Statement of Revenue, Expenses, and Changes in Fund Net
Position—Proprietary Funds (Ill. 6-4)
The Statement of Revenues, Expenses and Changes in
Net Position is to have separate captions for 1)
operating revenue, 2) operating expenses, 3) non-
operating revenue and expenses, 4) net income (loss)
before contributions and transfers, and 5) capital
contributions, transfers in(out), special items and
extraordinary items. The result is Change in Net
Position, which is added to be Beginning Balance of
Net Position to get the Ending Balance of Net
Position.
Statement of Cash Flows—Proprietary Funds (Ill. 6-5)
The cash flow statement is required for proprietary
funds and has four categories: 1) operating activities,
2) noncapital financing activities, 3) financing
activities, and 4) investing activities, rather than the
three that you are used to in a business, i.e., operating,
investing, and financing. A reconciliation is required
between cash flow provided by operating activities on
the Cash Flow Statement and Operating Income
shown on the Statement of Revenue, Expenses, and
Changes in Net Assets for Proprietary Funds.
· Required Segment Information
Note disclosure is required of segments of enterprise funds. Segments are identifiable activities reported as or within enterprise funds for which one or more revenue bonds or revenue-backed debt instruments are outstanding.

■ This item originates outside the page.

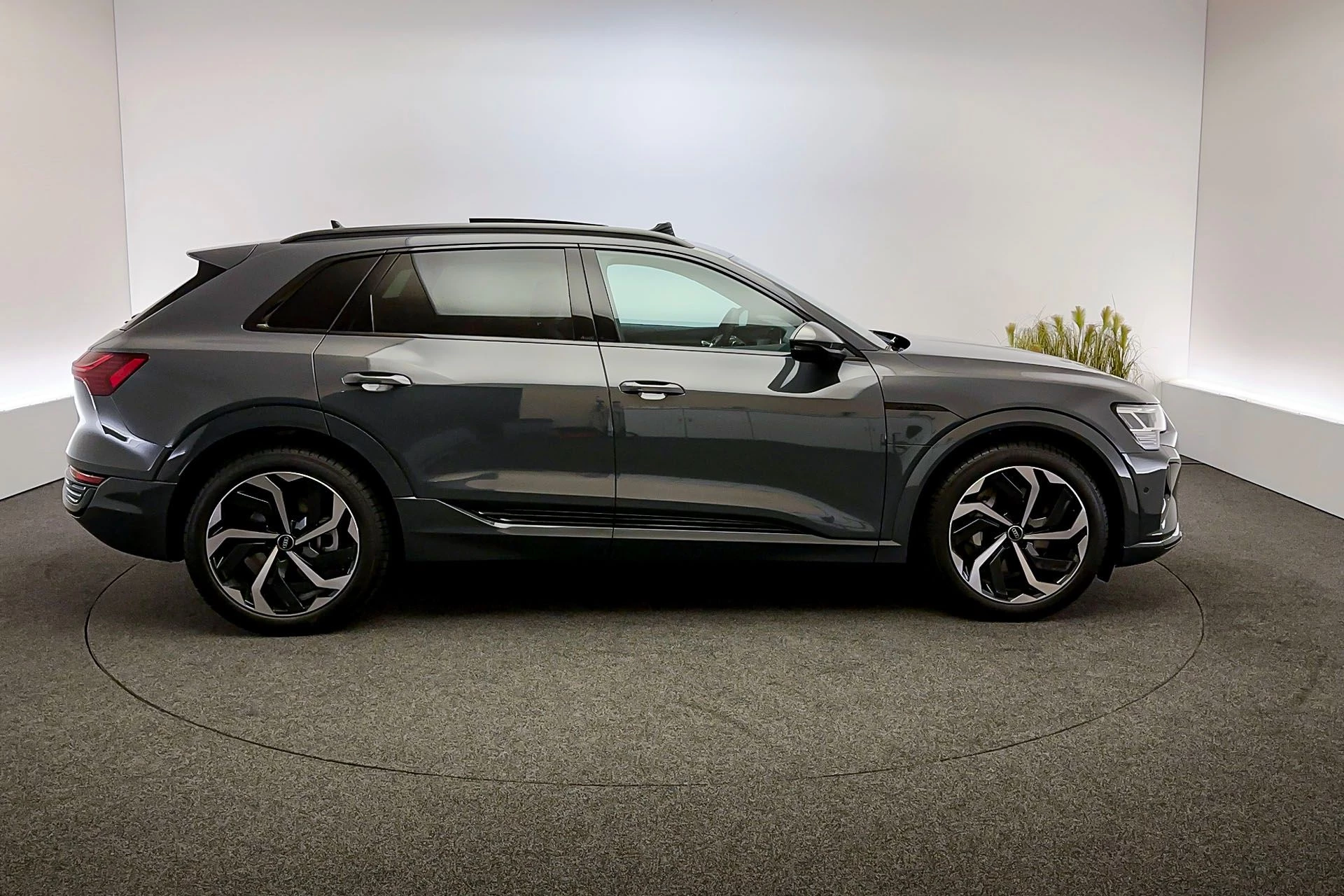 Hoofdafbeelding Audi Q8 e-tron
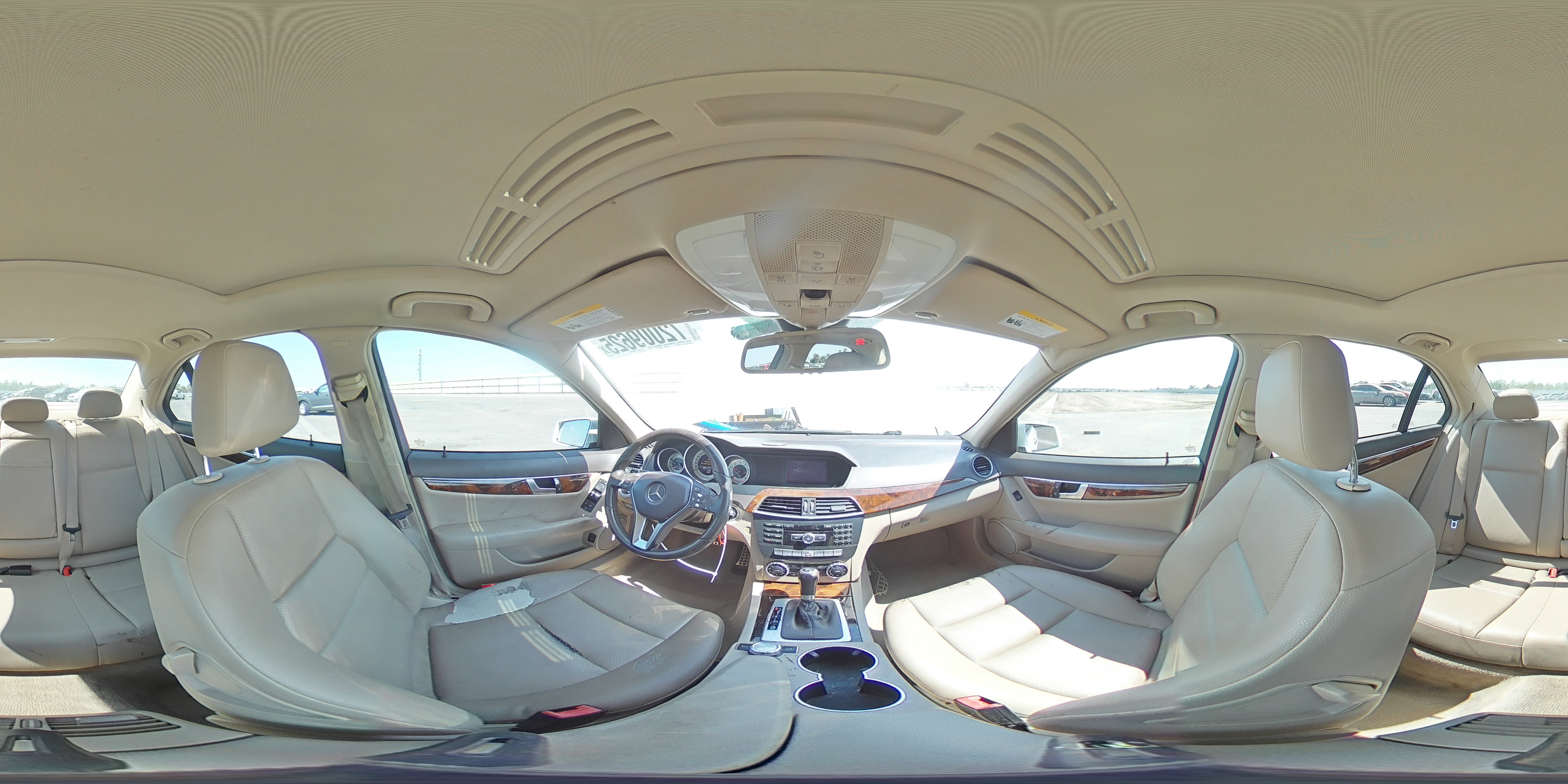 2014 Mercedes-Benz C 250 VIN: WDDGF4HB5ER305402 Lot: 72009625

They have identifiable revenue streams pledged in support of these bonds. Their related expenses, gains and losses, assets, and liabilities are also identifiable.
For example, if a Airport Fund also had a major food concession activity within the airport and had issued bonds to support that activity, then it would be considered a segment of the larger fund. Segment disclosure is not required if no debt exists or when a single activity is reported as a major fund. Governments may choose to provide segment disclosure whether required or not.
Segment disclosure is required for: 1) the type of goods or services provided, 2) a condensed statement of net assets, 3) a condensed statement of revenues, expenses, and changes in net assets, and 4) a condensed statement of cash flows.